* WHAT IS BEING ASKED *
Return every line of the data below exactly, but do not include the images.

*** MATERIAL FOR THIS TASK ***

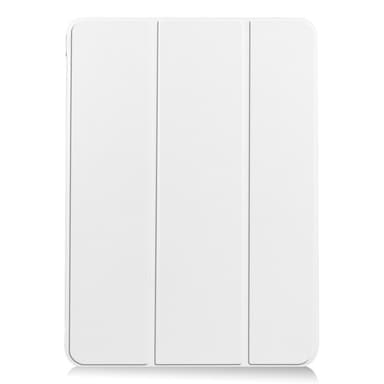 iPad Air 11 (2024) Kotelo Auto Herää / Nuku Kolminkertainen Taittojalusta Tabletin Suoja - Valkoinen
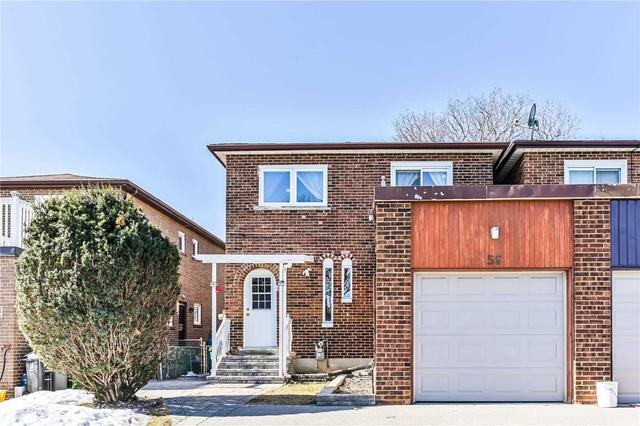 56 Muirhead Rd, House attached with 4 bedrooms, 4 bathrooms and 3 parking in Toronto ON | Image 1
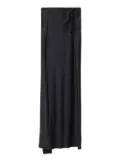 Semicouture asymmetric bias-cut skirt - Grey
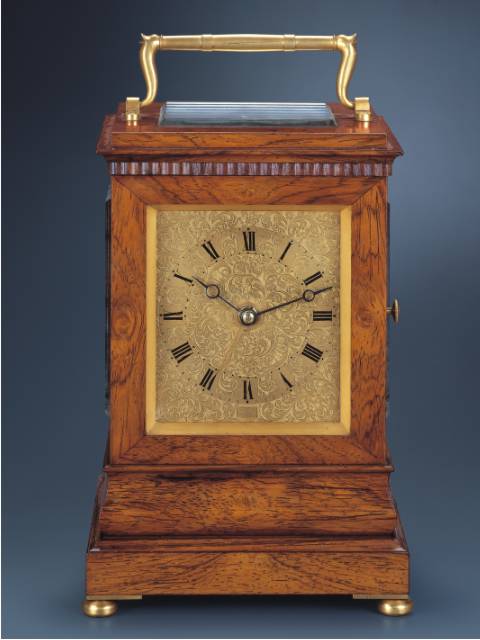 Double-train mahogany alarm carriage clock striking hours and half hours and repeating hours. Charles Frodsham, London, circa 1845. — Antique Clocks Price Guide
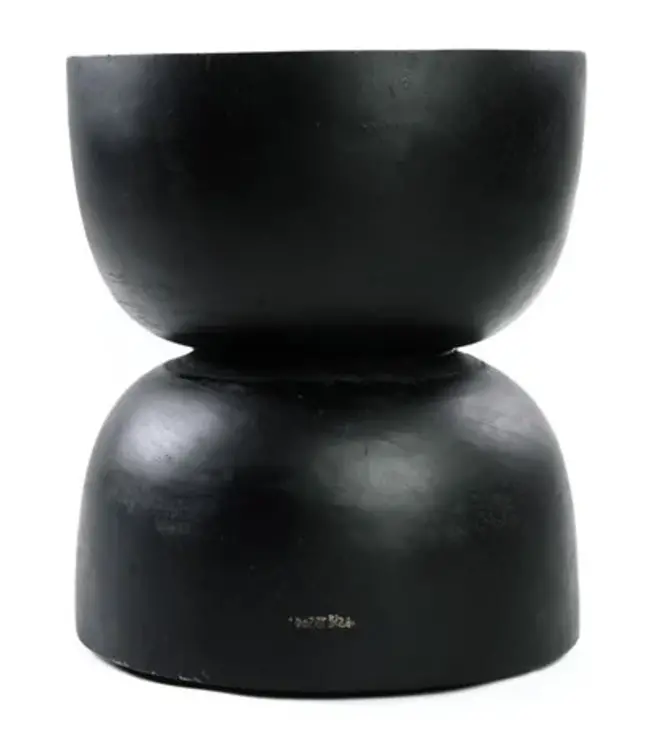 Bazar Bizar Karbun Kruk | Zwart Naturel | H45 x B40 cm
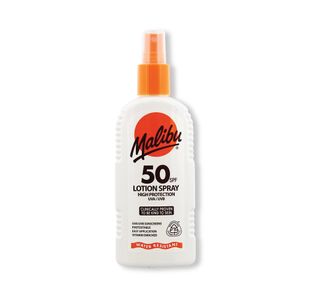 Malibu Spf 50 Sun Lotion Spray 200Ml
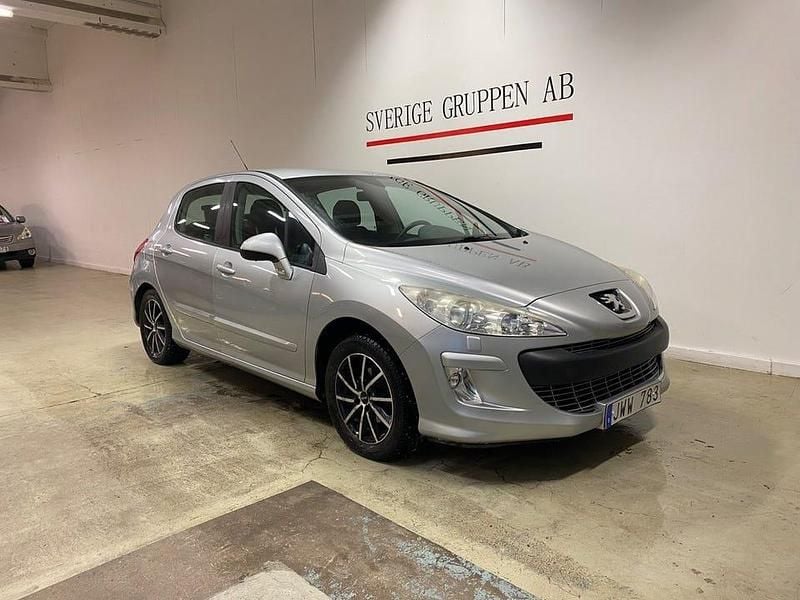 Begagnad Peugeot 308 120 HK (88 kW) 2009 Ljusgrå (grå) Halvkombi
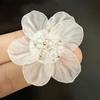 Temperament Exaggerated Flower Crystal Petal Stud Earrings Superfairy White Simple Personalized Earrings Ear Jewelry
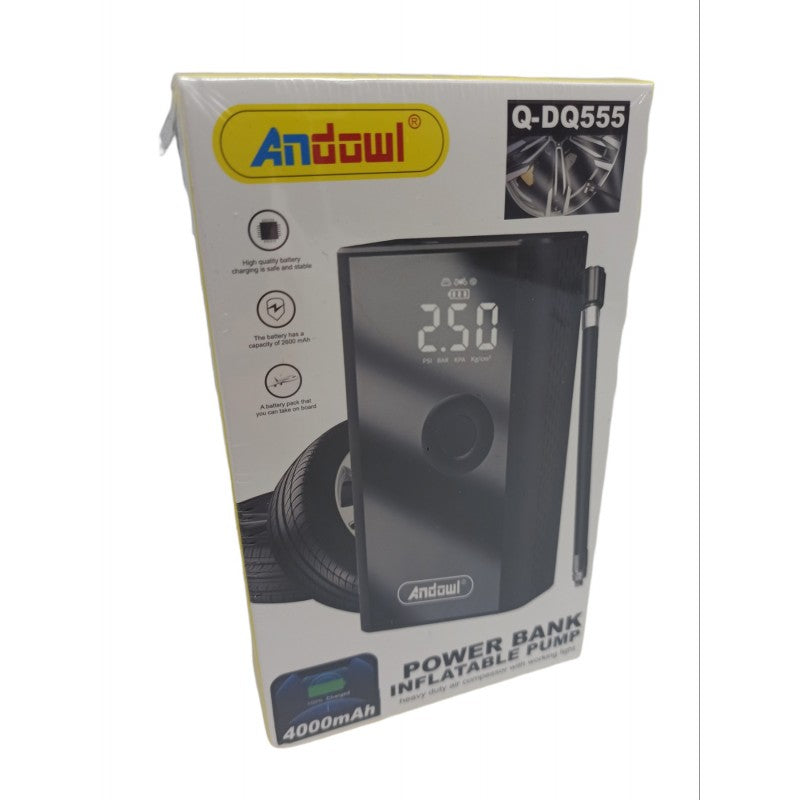 ΤΡΟΜΠΑ ΑΥΤΟΚΙΝΗΤΟΥ ΚΑΙ POWER BANK ANDOWL Q-DQ555 AUTO/MOTO > ΕΡΓΑΛΕΙΑ AUTO/MOTO > ΤΡΟΜΠΕΣ/ΚΟΜΠΡΕΣΕΡ ΑΕΡΟΣ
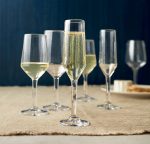 Bambudan Champagne Flute Bristol Golden Ratio Inspired Handblown Stem - Image 4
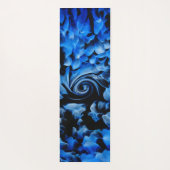 Black and Blue Fluid Abstract  Yogamat (Achterkant)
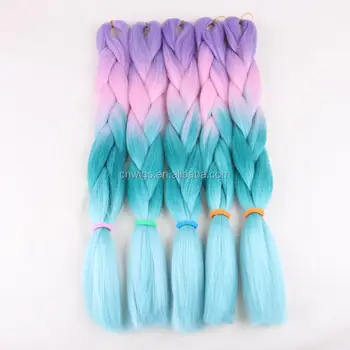 Wholesale Stock Beautiful Heat Resistant Synthetic Jumbo Box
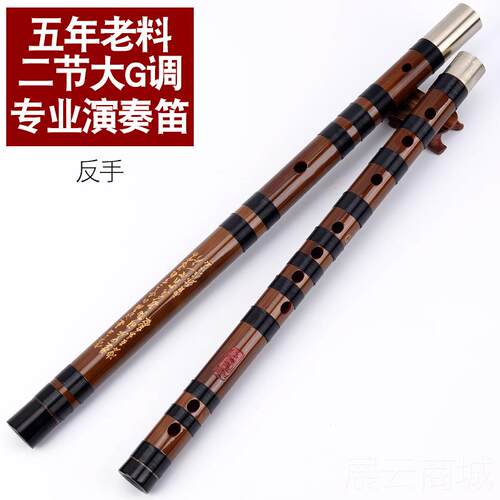 高档笛子演奏竹初笛自学专业笛横笛精制降b高入级苦竹g曲笛门a学
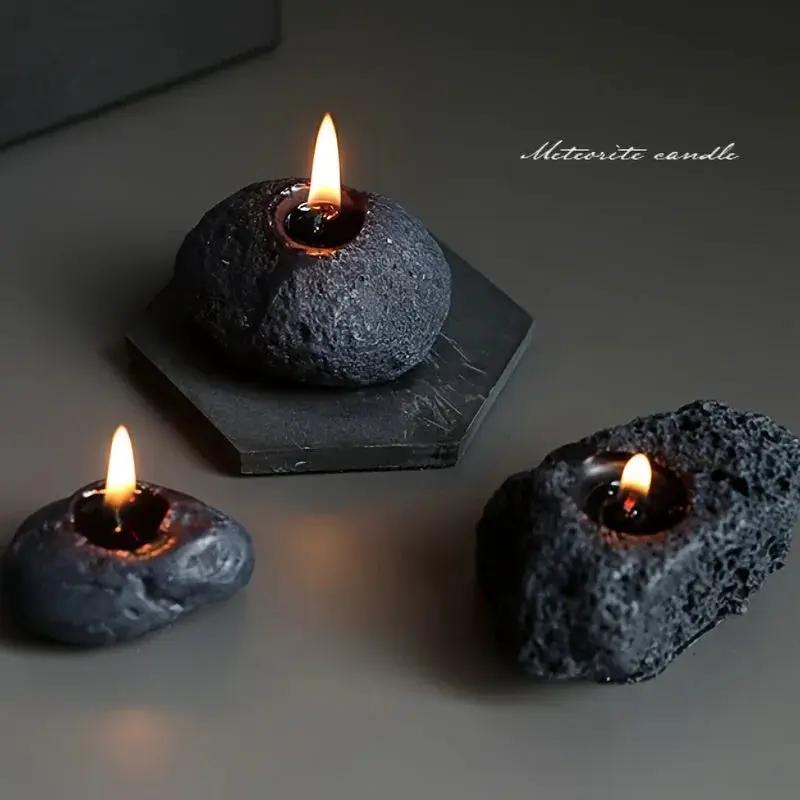 Candles - Meteorite Stone Set by House Of Avana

*** End of MATERIAL FOR THIS TASK ***

* RESULT OF THIS TASK *
 iPad Air 11 (2024) Kotelo Auto Herää / Nuku Kolminkertainen Taittojalusta Tabletin Suoja - Valkoinen
 56 Muirhead Rd, House attached with 4 bedrooms, 4 bathrooms and 3 parking in Toronto ON | Image 1
 Semicouture asymmetric bias-cut skirt - Grey
 Double-train mahogany alarm carriage clock striking hours and half hours and repeating hours. Charles Frodsham, London, circa 1845. — Antique Clocks Price Guide
 Bazar Bizar Karbun Kruk | Zwart Naturel | H45 x B40 cm
 Malibu Spf 50 Sun Lotion Spray 200Ml
 Begagnad Peugeot 308 120 HK (88 kW) 2009 Ljusgrå (grå) Halvkombi
 Temperament Exaggerated Flower Crystal Petal Stud Earrings Superfairy White Simple Personalized Earrings Ear Jewelry
 ΤΡΟΜΠΑ ΑΥΤΟΚΙΝΗΤΟΥ ΚΑΙ POWER BANK ANDOWL Q-DQ555 AUTO/MOTO > ΕΡΓΑΛΕΙΑ AUTO/MOTO > ΤΡΟΜΠΕΣ/ΚΟΜΠΡΕΣΕΡ ΑΕΡΟΣ
 Bambudan Champagne Flute Bristol Golden Ratio Inspired Handblown Stem - Image 4
 Black and Blue Fluid Abstract  Yogamat (Achterkant)
 Wholesale Stock Beautiful Heat Resistant Synthetic Jumbo Box
 高档笛子演奏竹初笛自学专业笛横笛精制降b高入级苦竹g曲笛门a学
 Candles - Meteorite Stone Set by House Of Avana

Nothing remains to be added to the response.